A native Texan, Alex Thompson was born in Kilgore, Gregg County, January 6, 1883. His father, J. M. Thompson, a native of Georgia, came to Texas in 1845 and had resided at Kilgore since 1852, and was one of the real pioneers of the lumber industry in this state. The Thompson and Tucker Lumber Company was established by Mr. J. M. Thompson in Kilgore in 1852, and this firm at that time owned and operated a string of eight or ten saw mills and lumber yards in East Texas, and amassed a large fortune in this great industry. He was a close personal friend of two men whose names will ever be associated with the lumber industry of Texas — William Cameron and W. T. Carter. Alex Thompson's mother was Miss Emma Holt, a member of a prominent Tennessee family, but was reared and educated in Texas. His education was obtained in the Austin College of Sherman, Texas, where he was a student for a period of five years, after which he entered Cornell University and graduated from that institution in the class of 1905, with the LL.B. Degree. He then attended and graduated from the Eastman College at Poughkeepsie, November, 1905. After finishing college, he could have chosen the easier way, but he preferred to be the architect of his own future, and with a desire to learn the lumber business from the ground up, he went to work for his father in one of his saw mills, and for several years was his father's saw mill and timber man, and by close attention to the details of every branch of the lumber business, he grew to be one of Texas' leading lumber men. During his life he looked back with pride to the valuable lessons he learned in the practical side of the lumber industry while serving as a saw mill hand in his father's mill. In addition to his vast lumber interests. Mr. Thompson was vice president of the State National Bank of Houston, and was a large stockholder and director in the state banks located at the following points in East Texas, Trinity, Weldon, Alto, Leggett, Shepherd, Cold Springs, Corrigan, Chester, Woodville arid Colmesneil. These financial centers are in a very important section of the Lone Star State and through them a large service is being done in developing that part of the state. East Texas honors Alex Thompson for the great good he did for this section of Texas. His heart was interested here and his banks were a means whereby he could help the people to help themselves.

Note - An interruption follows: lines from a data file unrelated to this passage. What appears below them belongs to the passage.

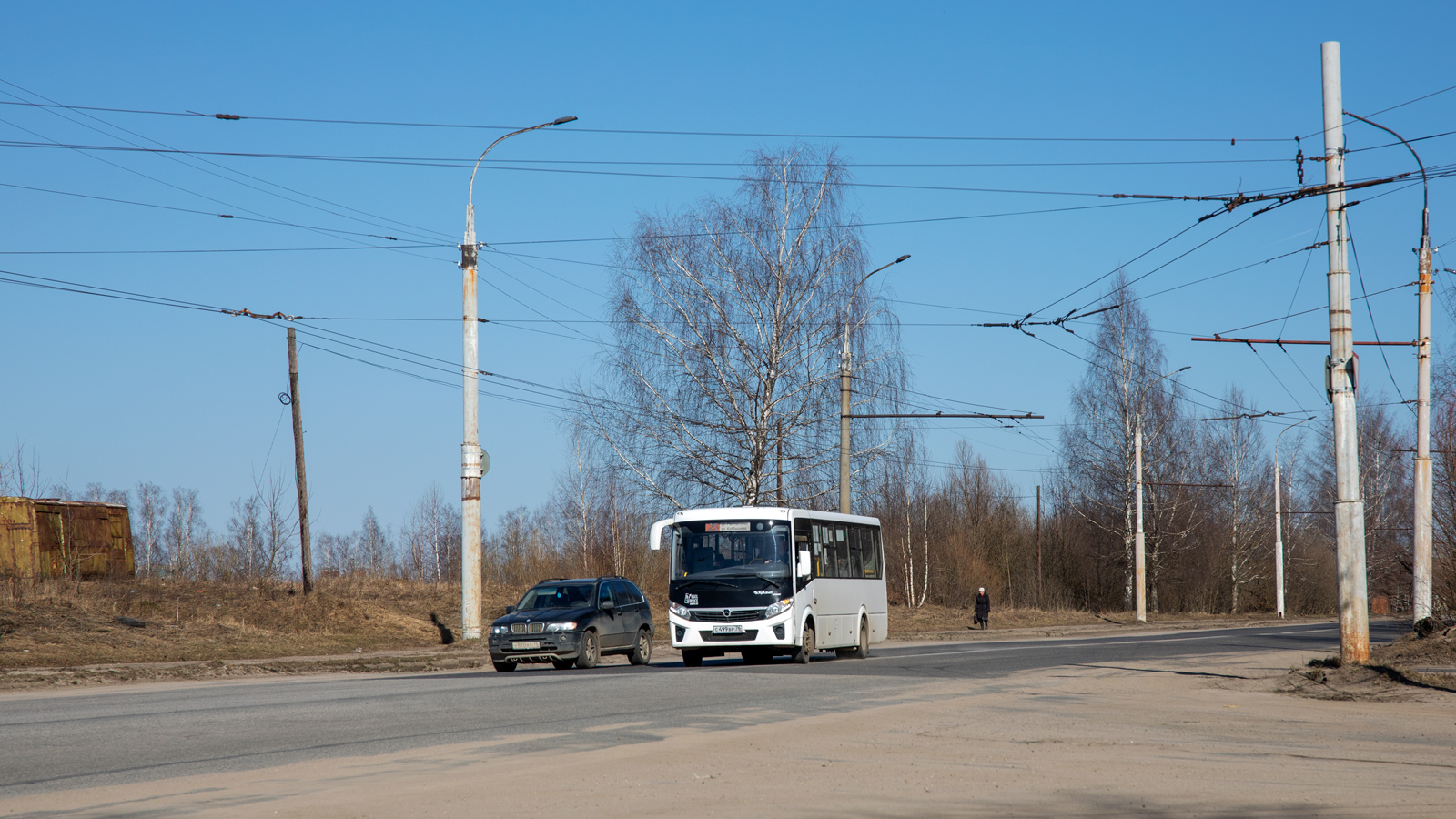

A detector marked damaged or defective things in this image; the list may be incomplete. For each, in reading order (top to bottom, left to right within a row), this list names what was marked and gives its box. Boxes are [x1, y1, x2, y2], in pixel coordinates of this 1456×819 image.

rusty metal shed [0, 495, 135, 577] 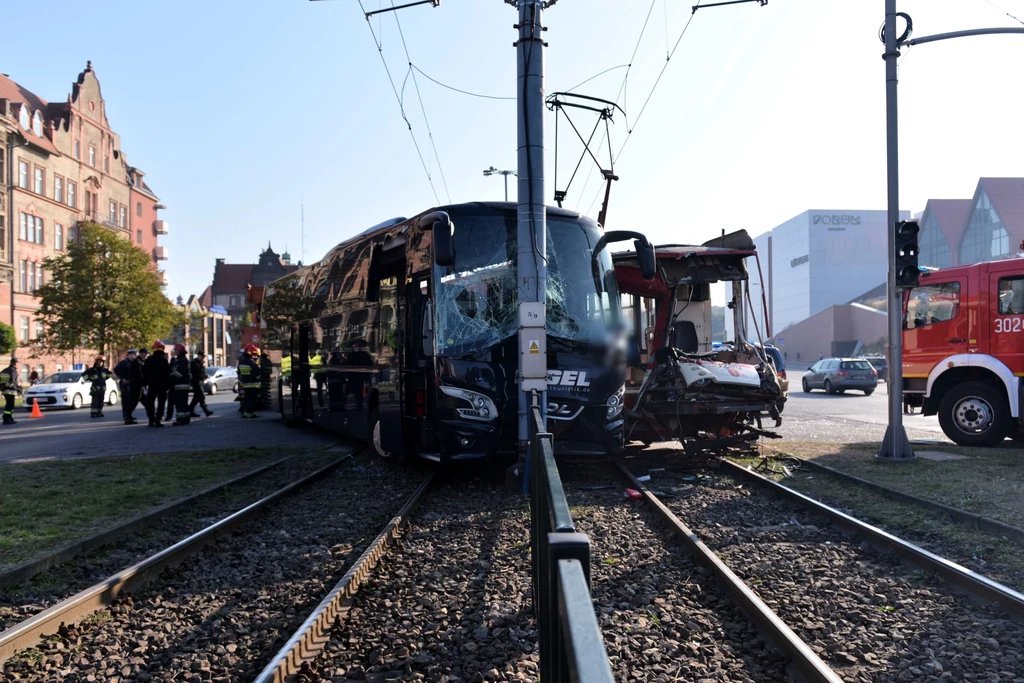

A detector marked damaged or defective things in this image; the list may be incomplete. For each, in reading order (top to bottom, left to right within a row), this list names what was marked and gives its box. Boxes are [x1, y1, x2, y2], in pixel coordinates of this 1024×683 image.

damaged tram [272, 200, 652, 462]
cracked windshield [434, 216, 620, 358]
damaged tram [612, 230, 788, 452]
crushed vehicle front [612, 232, 788, 452] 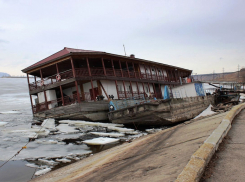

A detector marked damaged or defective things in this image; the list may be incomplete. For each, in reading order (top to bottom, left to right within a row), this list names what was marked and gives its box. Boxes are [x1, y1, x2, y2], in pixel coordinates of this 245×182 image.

broken concrete edge [175, 102, 245, 182] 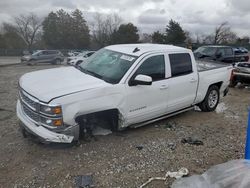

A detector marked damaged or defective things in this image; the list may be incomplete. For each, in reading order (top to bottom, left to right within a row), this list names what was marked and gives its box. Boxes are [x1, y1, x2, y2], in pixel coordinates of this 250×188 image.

damaged hood [19, 65, 108, 102] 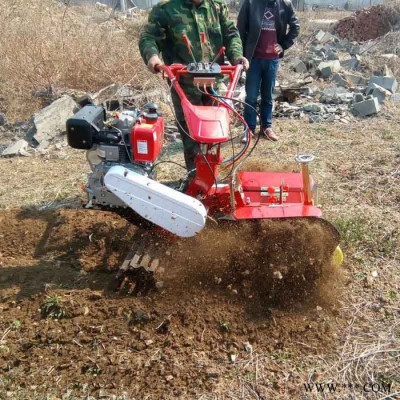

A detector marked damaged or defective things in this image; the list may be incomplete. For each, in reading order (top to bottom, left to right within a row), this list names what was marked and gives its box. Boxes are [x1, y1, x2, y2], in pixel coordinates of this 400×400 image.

broken concrete slab [318, 59, 340, 78]
broken concrete slab [368, 76, 396, 94]
broken concrete slab [354, 96, 382, 115]
broken concrete slab [33, 95, 78, 145]
broken concrete slab [1, 138, 28, 155] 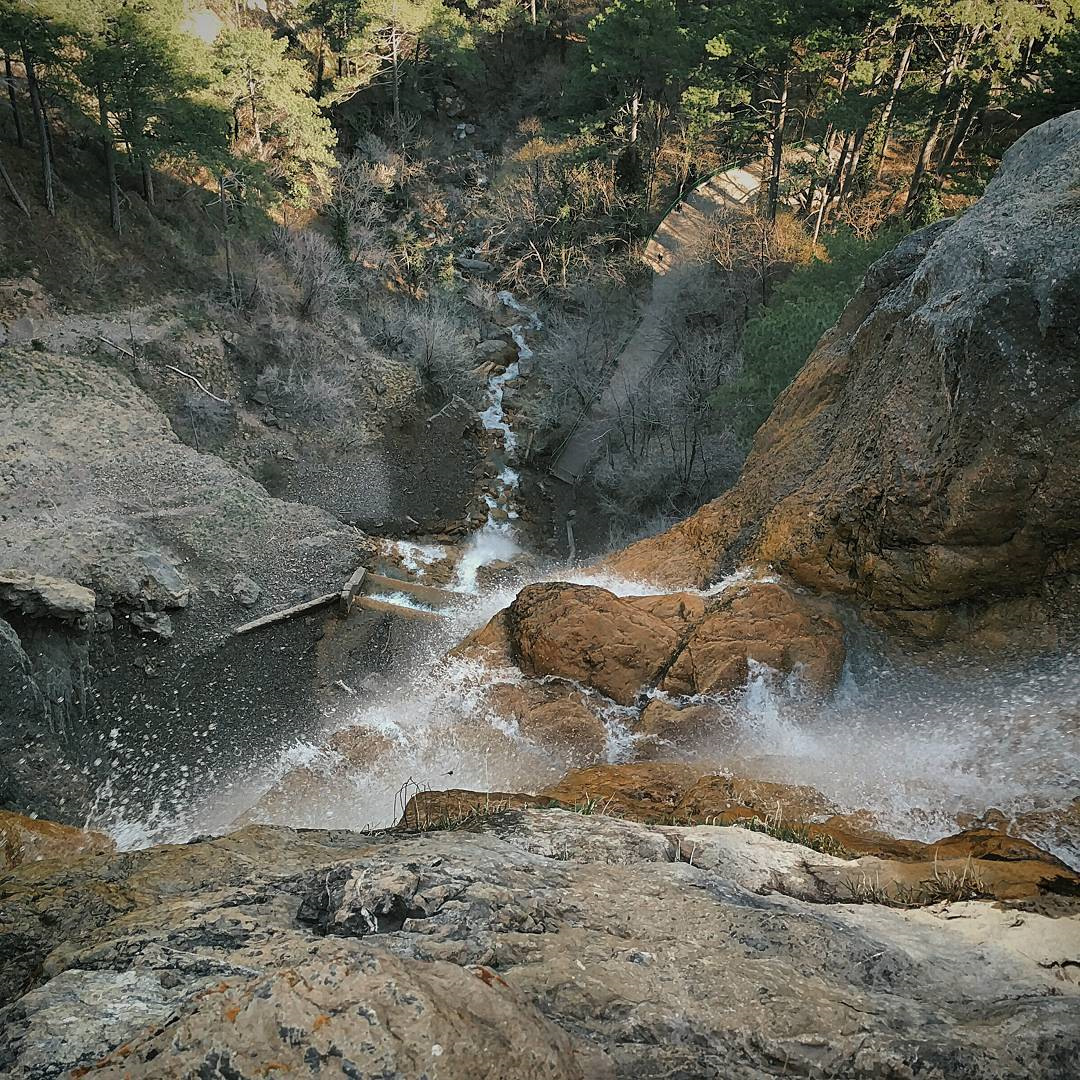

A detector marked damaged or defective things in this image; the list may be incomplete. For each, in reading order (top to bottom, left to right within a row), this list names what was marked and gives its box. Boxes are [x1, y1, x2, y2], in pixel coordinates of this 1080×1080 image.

broken wooden plank [232, 592, 338, 632]
broken wooden plank [338, 564, 368, 616]
broken wooden plank [350, 596, 442, 620]
broken wooden plank [364, 572, 458, 608] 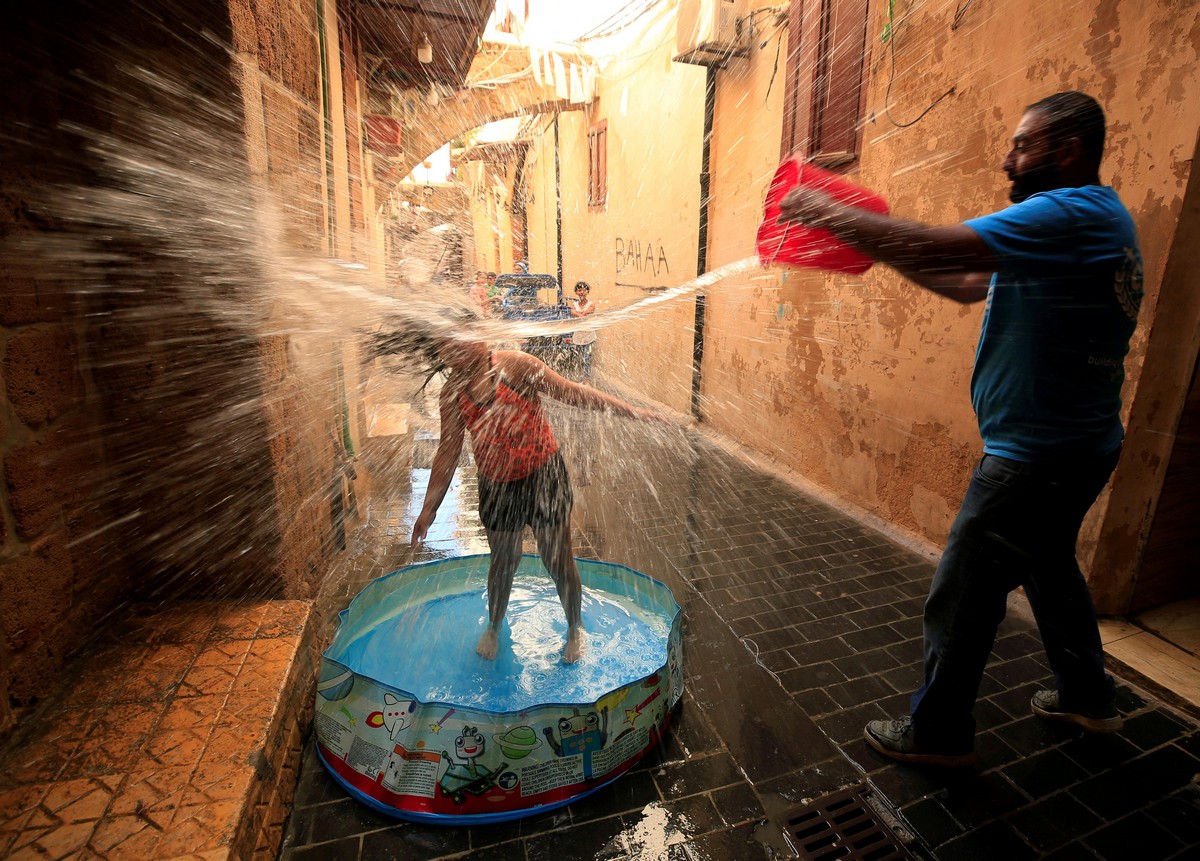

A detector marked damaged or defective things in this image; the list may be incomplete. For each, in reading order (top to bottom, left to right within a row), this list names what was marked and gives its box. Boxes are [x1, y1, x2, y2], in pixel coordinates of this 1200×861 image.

peeling plaster wall [700, 0, 1200, 594] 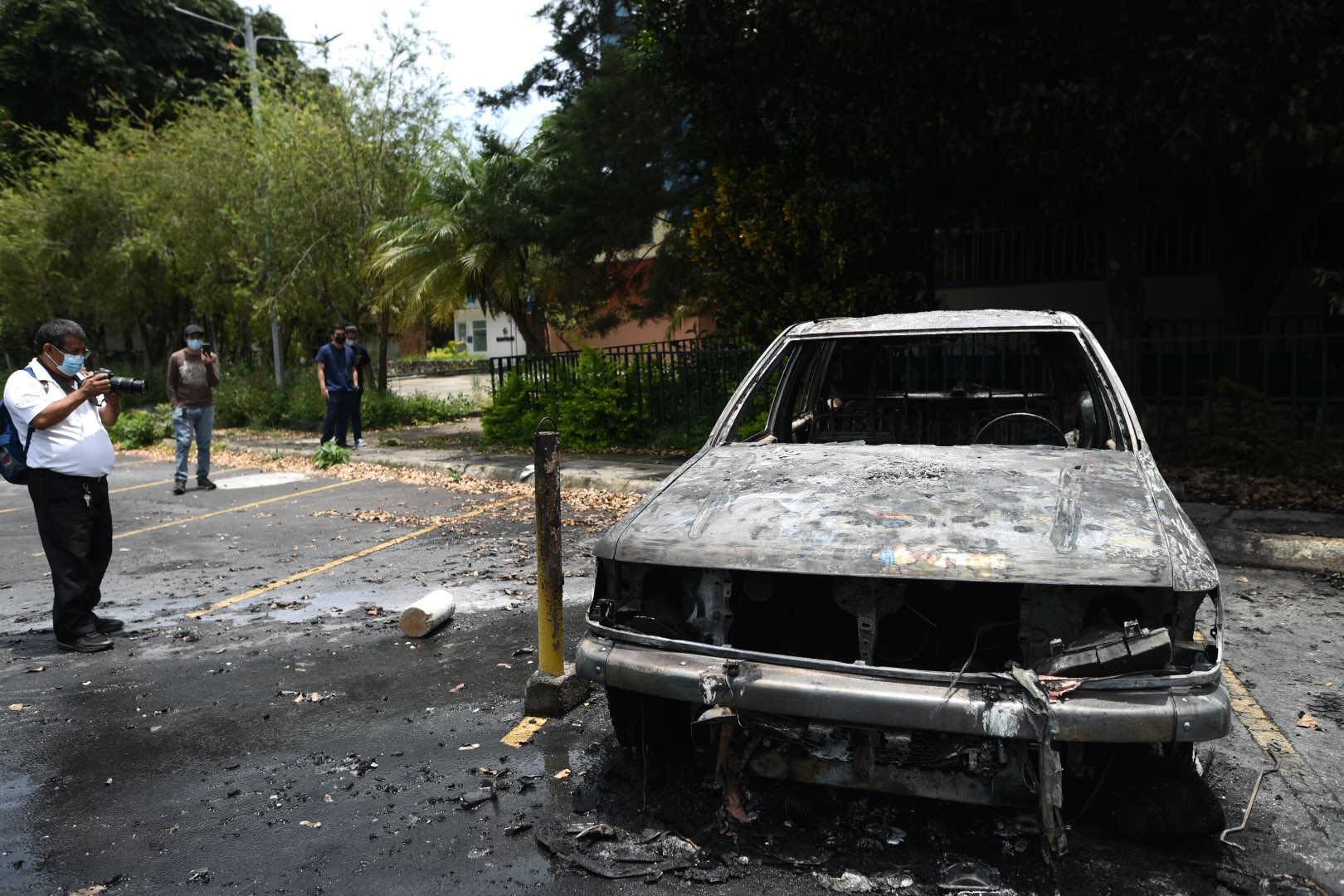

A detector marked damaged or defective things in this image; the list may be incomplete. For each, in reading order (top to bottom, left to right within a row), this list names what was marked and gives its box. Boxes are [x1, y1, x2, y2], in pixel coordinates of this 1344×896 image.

burned car [574, 309, 1228, 846] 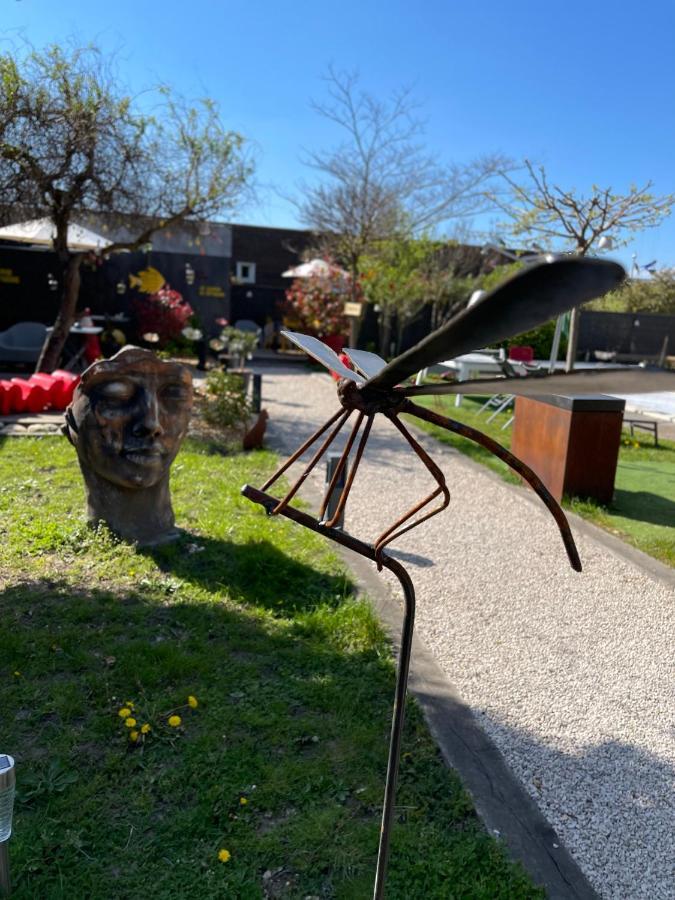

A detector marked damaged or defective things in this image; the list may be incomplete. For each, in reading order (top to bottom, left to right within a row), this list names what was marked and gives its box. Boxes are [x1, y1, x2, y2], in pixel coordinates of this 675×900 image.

rusty metal dragonfly sculpture [243, 256, 675, 896] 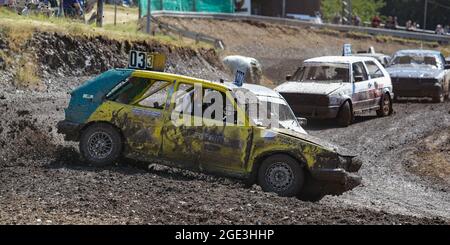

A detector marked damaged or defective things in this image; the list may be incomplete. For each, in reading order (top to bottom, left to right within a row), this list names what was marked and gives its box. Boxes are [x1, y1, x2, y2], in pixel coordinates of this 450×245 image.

damaged car body [274, 56, 394, 126]
damaged car body [384, 49, 448, 103]
damaged car body [57, 68, 362, 200] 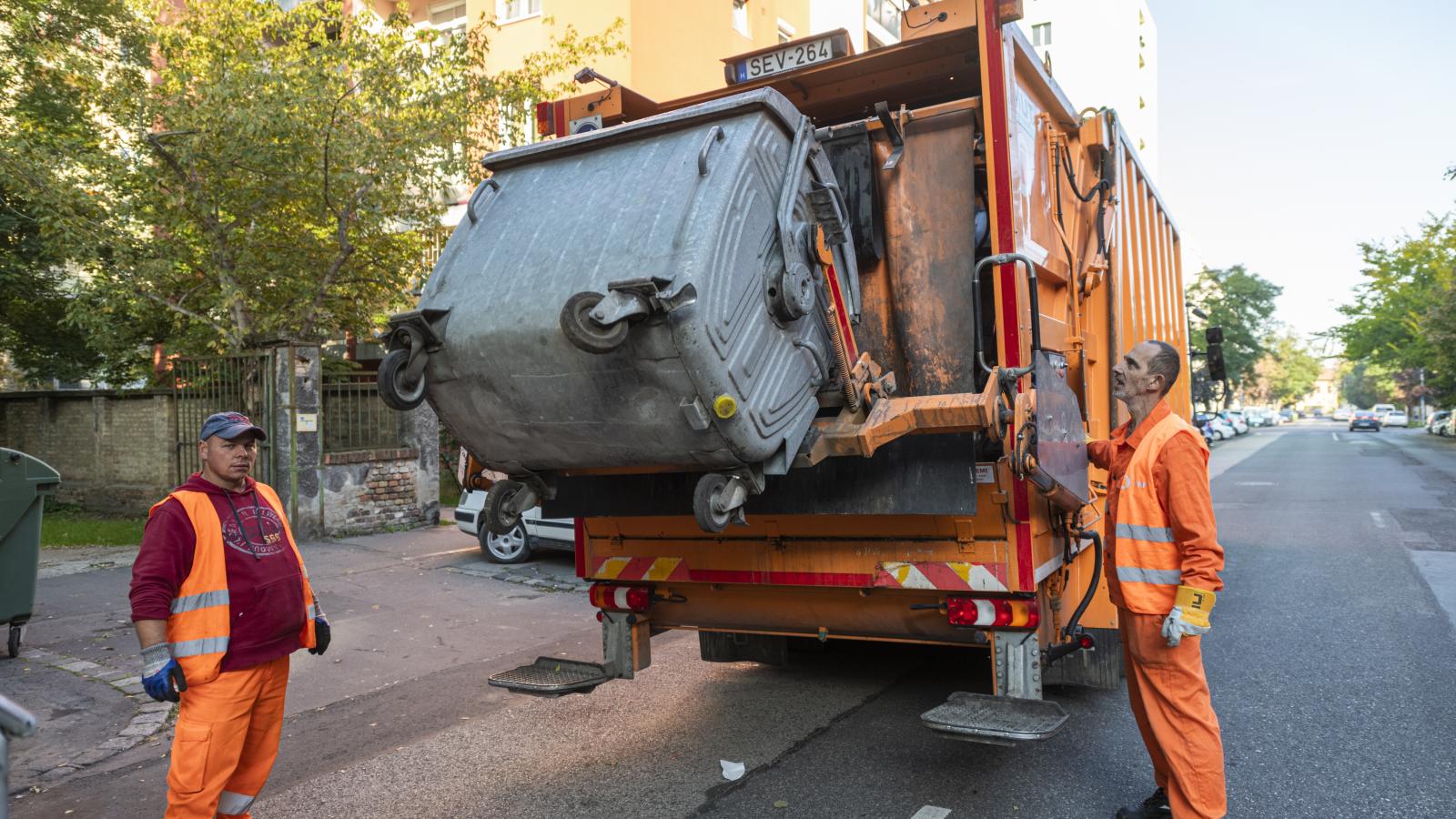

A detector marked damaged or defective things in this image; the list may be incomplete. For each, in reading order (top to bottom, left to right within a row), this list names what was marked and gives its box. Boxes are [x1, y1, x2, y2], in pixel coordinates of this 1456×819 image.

Mr. Thompson was married at Sherman in 1905 to Miss Gladys Walsh, a native of Grayson County, and a daughter of R. Walsh, for many years a prominent Hardware Merchant of Sherman. They have one daughter, Mozelle. The Thompson residence was erected recently. Mr. Thompson was a member of the A. F. and A. M., the Houston Country Club, the Houston Club, the University Club, the Lumbermens Club and the Presbyterian Church. During the six years in which Mr. Thompson resided in Houston, he was identified with, and took an active interest in all agencies working for the greater development of Houston and was largely interested in and did much for the furtherence of education, both in Houston and in other portions of the state. Mr. Thompson was regarded as one of the most progressive citizens of the South Texas Metropolis and was highly esteemed and respected by all who knew him.
In the passing of Alex Thompson, February 2nd, 1925, Texas lost one of its outstanding citizens who while still in the prime of his life had accomplished much for his native state.